At the outset, 83% of the veterans and 29% of the spouses exhibited signs of PTSD. Yet, after six weeks, these numbers had plummeted significantly—only 28% of veterans and a mere 4% of spouses tested positive for PTSD. Jenny, a veteran’s spouse who had contemplated divorce before the retreat, tearfully exclaimed, “After all these years, I finally got my Robby back from Vietnam.”
However, behind each of these remarkable statistics lies a personal journey of triumph—a rekindling of love, restoration of peace, and a return to a fulfilled life. The scales tip away from the clutches of PTSD and towards the path of posttraumatic growth.
This remarkable healing potential paves the way for new horizons of possibility, not only for individuals grappling with trauma but also for their communities. Rather than being limited by the tragedies they have endured, their potential becomes unshackled. They unearth hidden wellsprings of creativity and joy that were obscured by the veil of trauma.
In the Old Testament book of Ecclesiastes, the prophet imparts timeless wisdom, reminding us that there is a time for every purpose under heaven, including both destruction and healing. We have all endured dark periods, wherein the weight of stress stifled our potential. However, the work of emotional maturity lies in undoing this damage, and ushering in a season of healing, restoration, rebuilding.

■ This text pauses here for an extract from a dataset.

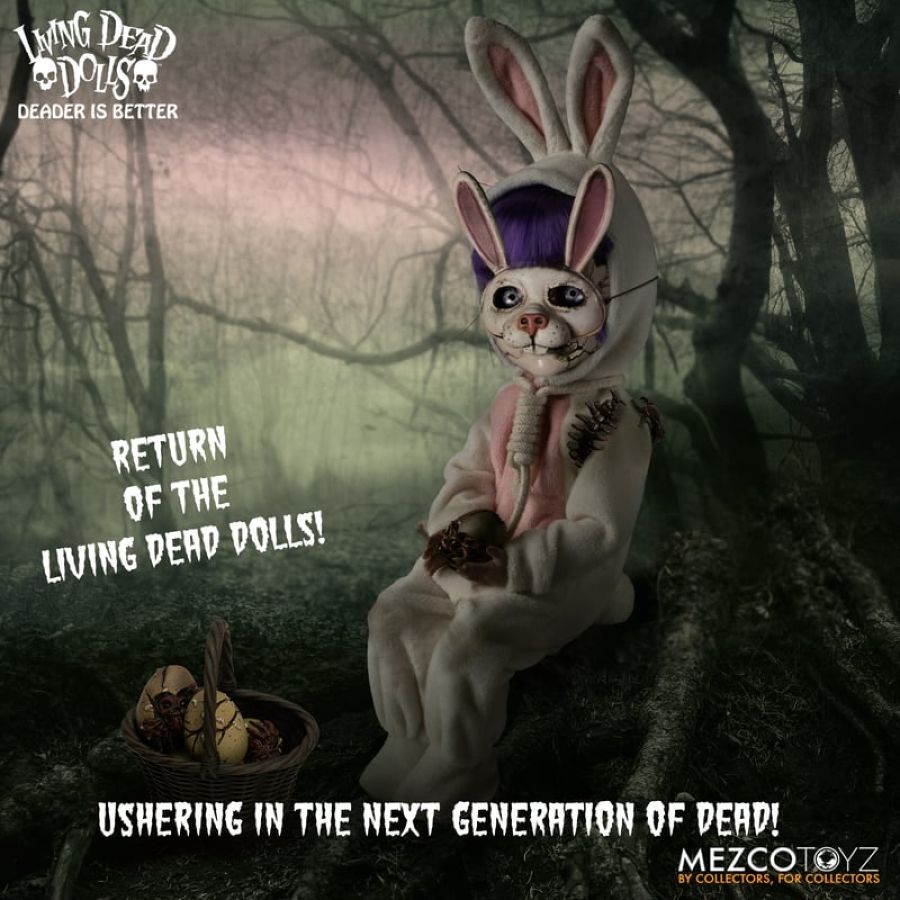 Eggzorcist Mega Figure - Return of the Living Dead Dolls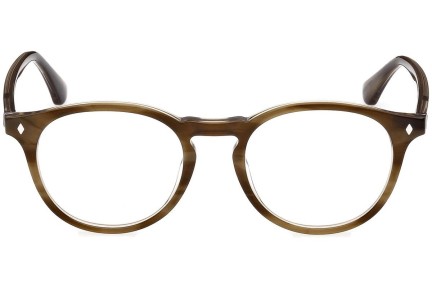 Glasses Web WE5387 050 Rund Braun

When we allow ourselves to remain trapped in the clutches of our tragic narratives, replaying the suffering of the past, we inadvertently reinforce neural pathways associated with prior trauma. This phenomenon, known as the “dark side of neuroplasticity,” intensifies the brain’s stress circuits, leading to escalating symptoms such as nightmares and flashbacks.
Yet if we consciously choose the path of posttraumatic growth, we engage in practices that elevate our emotional and spiritual states—meditation, EFT, prayer, and other transformative techniques. Through the magic of neuroplasticity, these elevated states become embedded traits within us.

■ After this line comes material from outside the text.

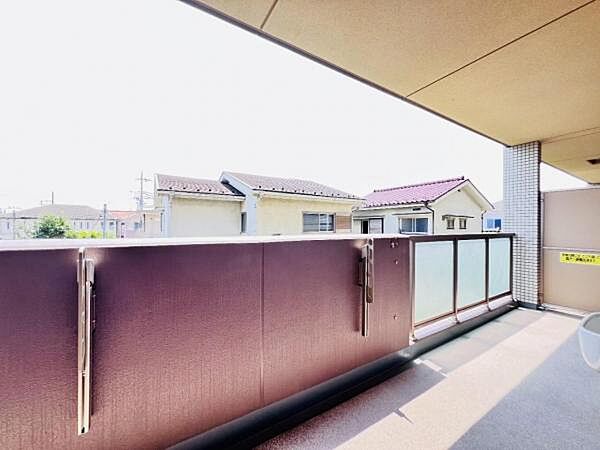 お洗濯ものを気持ち良く太陽の光で干せるのが嬉しいですね。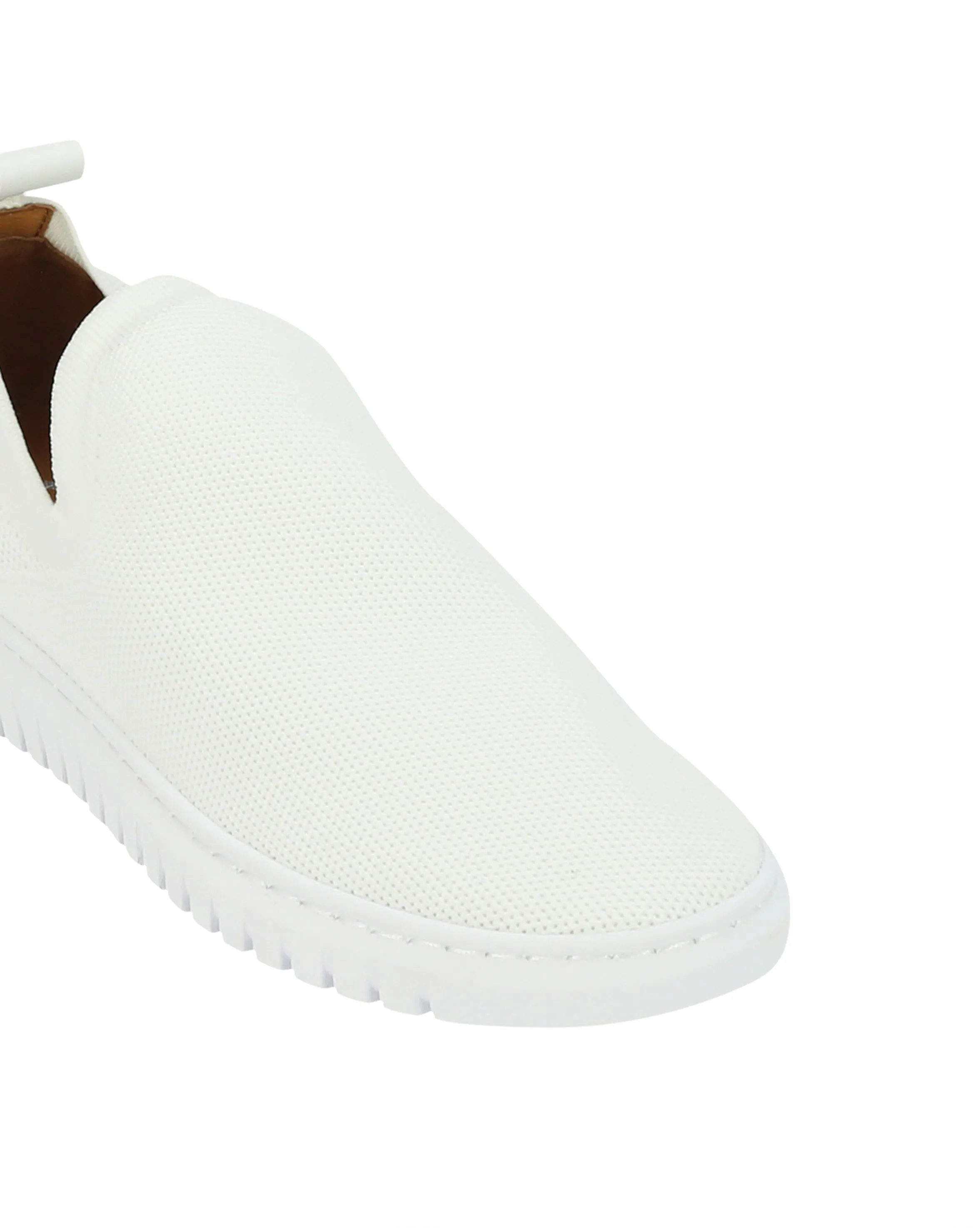 ALISE LEATHER SLIDE SNEAKERS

In this way, the adversities that haunt our present and linger from our past need not define us or shape the default setting of our brains. Instead, we harness the power of tragedy as rocket fuel for profound transformation. We emerge from the ashes, rise, and fully embrace the flames of resilience and growth—generating a new narrative of triumph over adversity.
Church, D., & Brooks, A. J. (2014). CAM and energy psychology techniques remediate PTSD symptoms in veterans and spouses. Explore: The Journal of Science and Healing, 10(1), 24-33.